This has given rise to cholesterol-lowering drugs being some of the most widely used medicinal drugs in the world. Given all that background, it makes perfect sense that high cholesterol would be linked with prostate cancer. However, the data to date have been mixed, potentially due to multiple reasons. As such, the report from Murtola et al. is very timely and important and sheds important light on this association.
Murtola and colleagues examined men enrolled in the Finnish Randomized Study of Screening for Prostate Cancer. They identified nearly 18,000 men who had cholesterol measurements. Of these men, after a median follow-up of 17 years, there were over 2,400 cases of prostate cancer. They found that higher cholesterol was linked with a higher risk of overall prostate cancer. When broken down by stage and grade, the links with higher cholesterol were only seen for high-grade prostate cancer (Gleason 8-10 aka grade group 4-5) and patients with metastatic disease. Results were suggestively similar when LDL cholesterol was analyzed, but this did not reach statistical significance. No strong associations were seen for triglycerides or HDL.
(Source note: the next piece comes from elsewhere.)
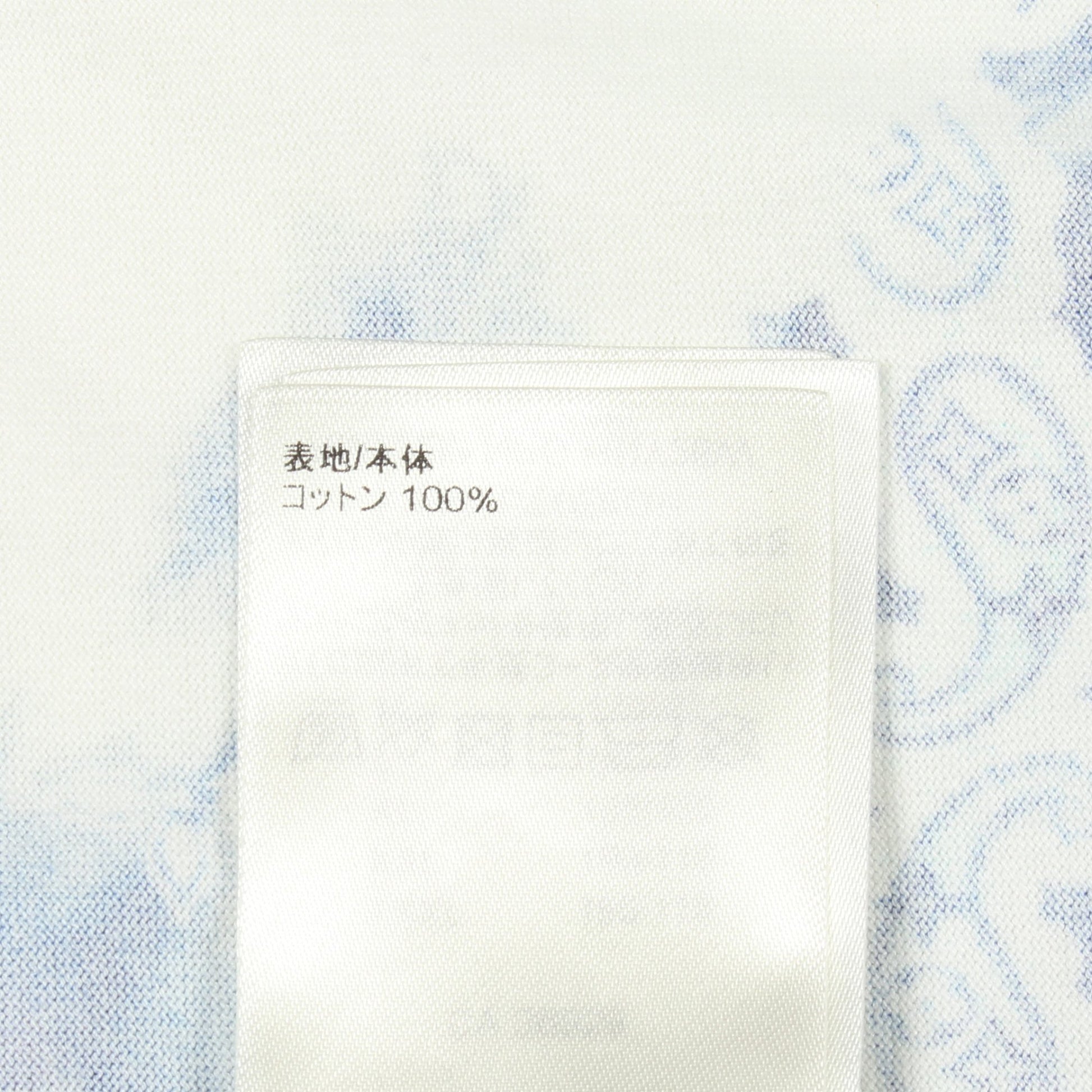 モノグラムバンダナプリント クルーネック 半袖Tシャツ コットン ホワイト ブルー ルイヴィトン トップス LOUIS VUITTON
The authors then undertook an interesting sub-analysis called a lag-time analysis. In short, a 3-year lag time analysis would exclude anyone who got prostate cancer within the next 3 years. While the goal is to analyze the late-term effects of a risk factor, by excluding men who got the disease early, it creates some level of bias. For example, with a 20-year lag-time, as the authors did, it means the man had to be alive and not gotten prostate cancer within 20 years of his elevated cholesterol. This is not necessarily the typical patient. In fact, I would argue someone who could survive 20 years after an elevated cholesterol without other major diseases (i.e. prostate cancer) was selected to be a healthy person. Whether this is due to genetics or other risk factors, to me, this sounds like a “healthy” person. As such, I would predict this person would be at lower risk of cancer and many other health conditions. Indeed, this is exactly what the authors found – the longer the lag time, the less cholesterol predicted increased cancer risk and actually started to predict lower cancer risk.
Key strengths of this study include the fact that this was nested within a large prospective trial and thus all men were (in theory) treated equally. The quality of the data was high and follow-up in Finland due to the ability to track patients was excellent. The downside is the lack of data on other prostate cancer risk factors – namely diet and exercise. Thus, was high cholesterol simply a marker of poor diet and lack of exercise and it is diet and exercise that influenced prostate cancer risk or was it the cholesterol directly.
Ultimately, this study provides yet more data to support a growing link between high cholesterol and specifically aggressive prostate cancer. Key future questions that need answering are: 1) Does lowering serum cholesterol decrease these risks; 2) If so, are statins “good enough” or do we need more potent means to lower serum cholesterol; 3) Would dual targeting of serum and tumor cholesterol be even more effective than simply lowering serum cholesterol; 4) Ultimately, what are the molecular mechanisms linking cholesterol and aggressive prostate cancer. We look forward to furthering data from this group and others to move from interesting observations to better mechanistic understanding to ultimately interventions to negate the adverse effects of high cholesterol on aggressive prostate cancer.